Decisão do STJ e Implicações do Afastamento
Durante o período de afastamento, Buzzi estará impedido de acessar seu gabinete, utilizar veículos oficiais ou exercer qualquer prerrogativa associada ao seu cargo. No entanto, o ministro continuará a receber seu salário integral, que atualmente é de R$ 44.047,88. Essa situação se deve à interpretação da Lei Orgânica da Magistratura Nacional (Loman), que assegura a manutenção do pagamento durante a fase de investigação, na ausência de uma condenação definitiva.
Acusações e Investigações em Andamento
As investigações foram motivadas por um relato de uma jovem de 18 anos, filha de amigos do ministro, que afirmou ter sido alvo de tentativas de assédio durante um banho de mar em Balneário Camboriú no mês de janeiro. Além disso, o Conselho Nacional de Justiça (CNJ) informou ter recebido uma segunda denúncia de natureza semelhante, apresentada por uma ex-colaboradora de Buzzi.

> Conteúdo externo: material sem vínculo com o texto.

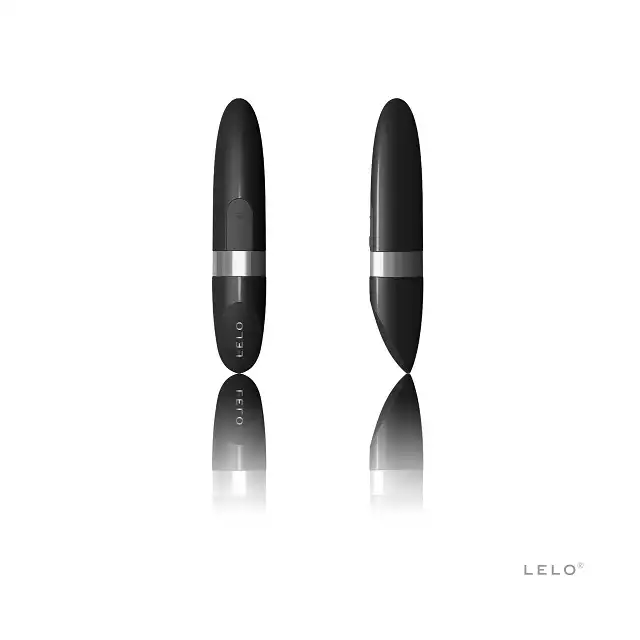 Lelo - Szwedzkie Dzieła Sztuki, Mia II. Vibrator Black USB.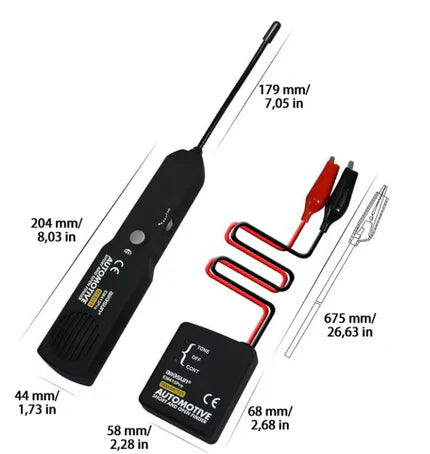 šLAST DAY SALE 50% OFFš„Electrical open and short circuit detector for cars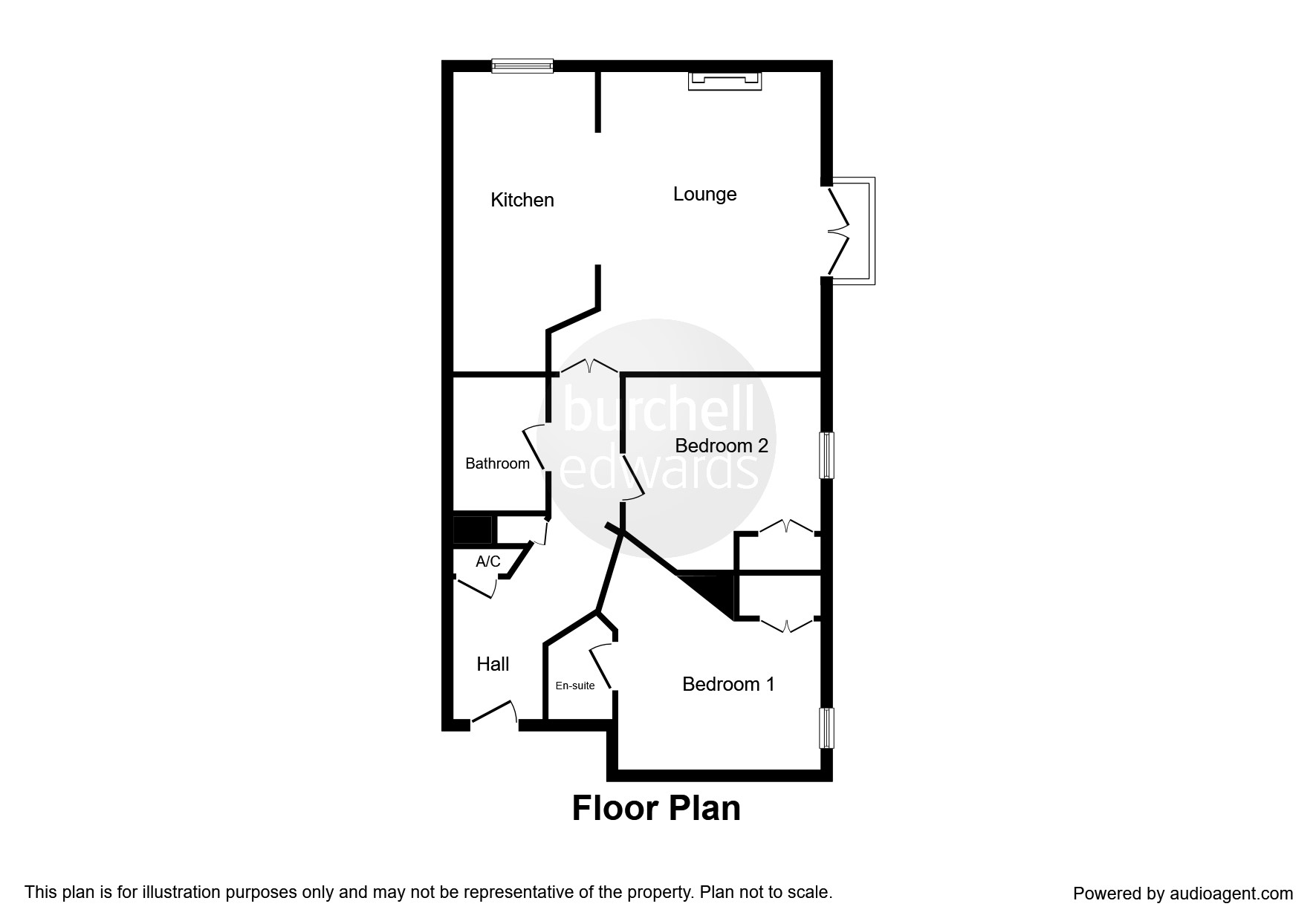 2 Bedrooms Flat for sale in Kelvedon Grove, Solihull B91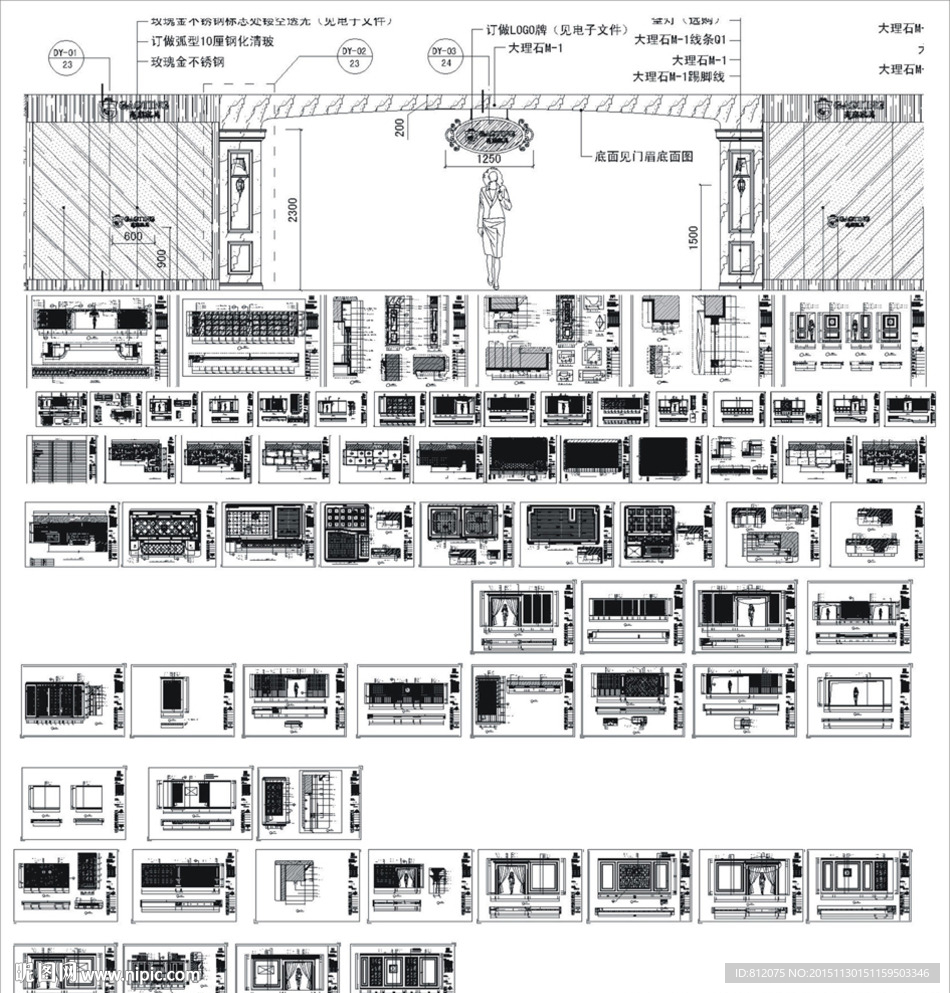 顺德知名美式家具品牌展厅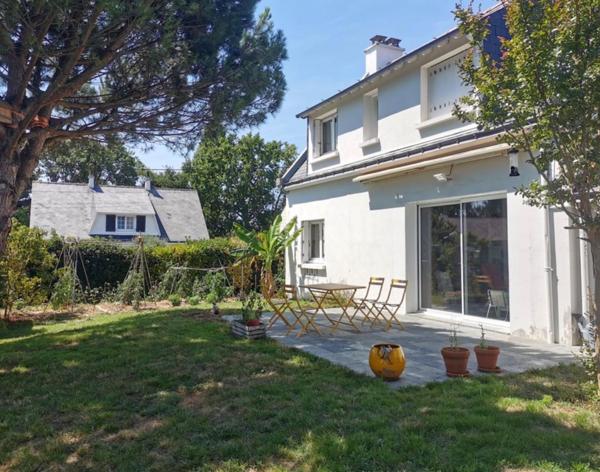 Maison 3 chambres, entièrement rénovée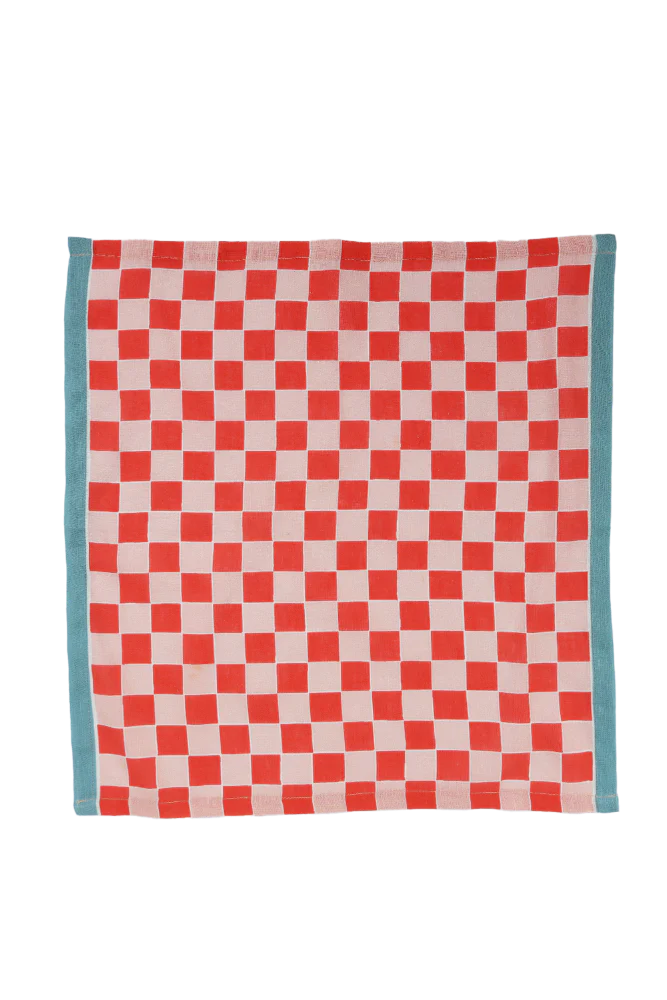 Pool Boy Napkin set of 4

Procedimentos Administrativos e Acompanhamento Judicial
Em resposta às denúncias, o STJ instaurou uma comissão de sindicância que deverá apresentar suas conclusões em uma nova sessão marcada para o dia 10 de março. Simultaneamente, o caso está sendo monitorado pelo Supremo Tribunal Federal (STF), onde tramita uma investigação criminal, dado o foro privilegiado do ministro.
Defesa do Ministro e Contexto das Alegações
A defesa de Marco Buzzi refuta todas as acusações, afirmando que são infundadas e criticando o vazamento de detalhes sigilosos do caso. Antes do afastamento, o ministro havia solicitado uma licença médica de 90 dias, alegando problemas psiquiátricos e cardíacos. Contudo, o tribunal decidiu que a melhor medida seria a suspensão cautelar das suas atividades até que os fatos sejam devidamente esclarecidos.
Conclusão
A situação envolvendo o ministro Marco Buzzi levanta questões significativas sobre a responsabilidade dos membros do Judiciário e o tratamento de denúncias de assédio. Enquanto as investigações prosseguem, a sociedade aguarda esclarecimentos que possam trazer luz a este delicado caso, que não apenas impacta a carreira do magistrado, mas também a confiança do público nas instituições judiciais.